Well, my main reason to use Zim Wiki and Gollum is that all the information stays on my computers -no sync service is needed, I sync via git + ssh to a Raspberry Pi that runs in my home. And this is a critical requirement for me since as a result of many experiences, my trust in commercial companies that collect data to respect data privacy has reached zero.

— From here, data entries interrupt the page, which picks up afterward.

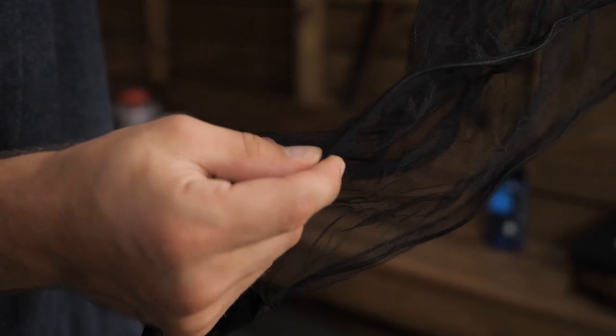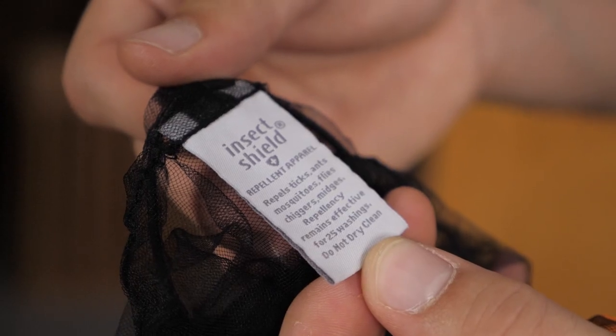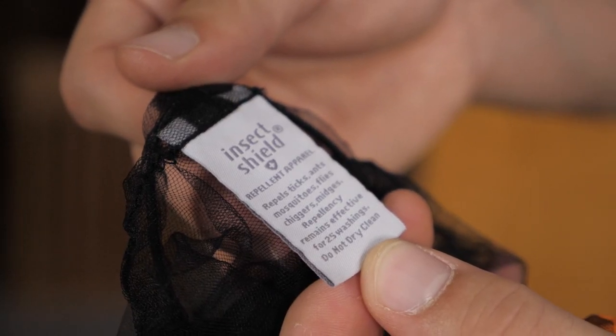Not only is the headnet a physical barrier of a fine 20 denier mesh, but it is also treated with a permethrin repellent that is good for up to 25 washes.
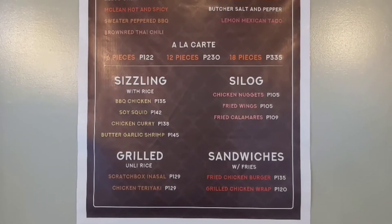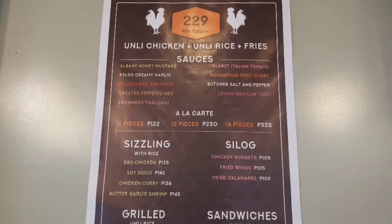Ang hindi ko lang natikman yung lemon Mexican taco kasi kulang siya ng isang flavor ngayong gabi. Pero sa lahat ng mga natikman ko so far, pinaka-gustuhan ko yung Kelso Creamy Garlic, yung Albany Honey Mustard, at Butcher Salt and Pepper — kahit simple lang, masarap talaga. Actually masarap lahat, swear. Kasi magkaiba yung lasa eh — meron iba na walang hint of sweetness, which is good. Kung nasa Guadalupe kayo, sa Abellana, dalawin nyo itong Scratch Box. 229 per head only — unli wings, unli rice, unli fries. Sulit. Plus, may parking pa.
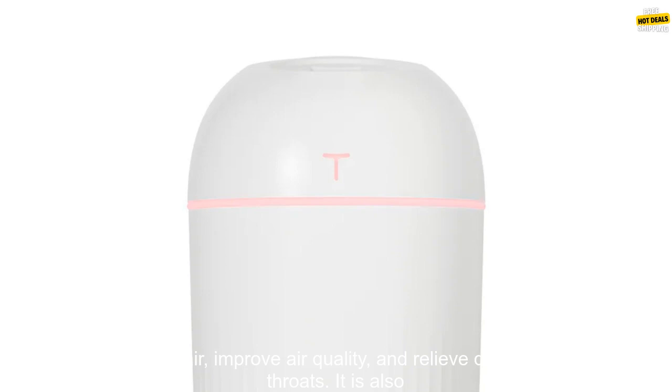The air humidifier is a great way to add moisture to the air, improve air quality, and relieve dry skin, sinuses, and throats. It is also perfect for use in a bedroom thanks to its built-in night light.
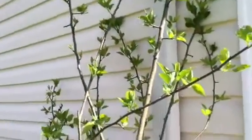Crab apples — my dad used to have them. Those things are aggravating. Well, thanks for watching.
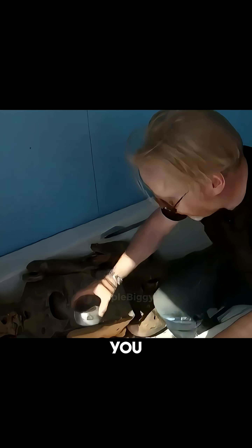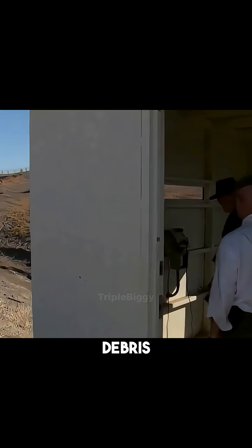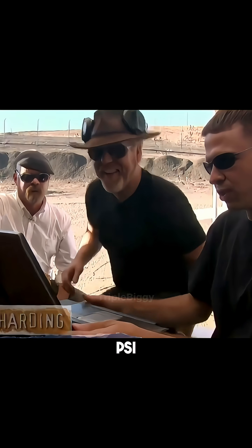But could hiding in the bathtub actually save you? They built a full mock bathroom, placed sensors inside the tub, set the charge, and triggered the explosion. The entire room was destroyed and debris flew everywhere, but the cast iron bathtub stayed intact. Pressure outside the tub peaked at 0.17 PSI, while inside it reached only 0.008 PSI. In other words, you could survive the blast if you're inside the tub.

The differences between Zim and Gollum are gradual: Zim is tailored as a Desktop Wiki, so each page is already in editing mode which is slightly quicker, while Gollum is more like a classical server-based wiki, which is normally accessed over the browser (but by default, without user authentication). The difference is a bit blurry since both just modify a git repo, and Gollum can be run in localhost, so it is good for capturing changes on a laptop while on the road, and syncing them later. A further difference is that Zim is a but better for the “quick but not (yet) organized” style of work, while Gollum is better for a designed and maintained structure.
Both can capture media files and support different kinds of markup, while always storing in plain text. Gollum can also handle well things like PDFs which are displayed in the browser, and supports syntax highlighthing in many programming langages, which makes it nice for programming projects - it is perfect for writing outlines and documentation of software, and I often work by writing documentation first.
It could be helpful if you explain what they do and how they relate to your computing needs. For example, I have been using Linux for over 25 years, and the only name in yor list which I have an idea about what it does is Deja Dup (personally, I use tar for backups, in a simple incremental setup).
I know Strawberry, because I use it too. It’s a music player, forked from Clementine years ago. I find it the best for my use case, as it can handle library by tags, do folder view for separate locations, do tag editing, lyrics and art download, etc. Can highly recommend!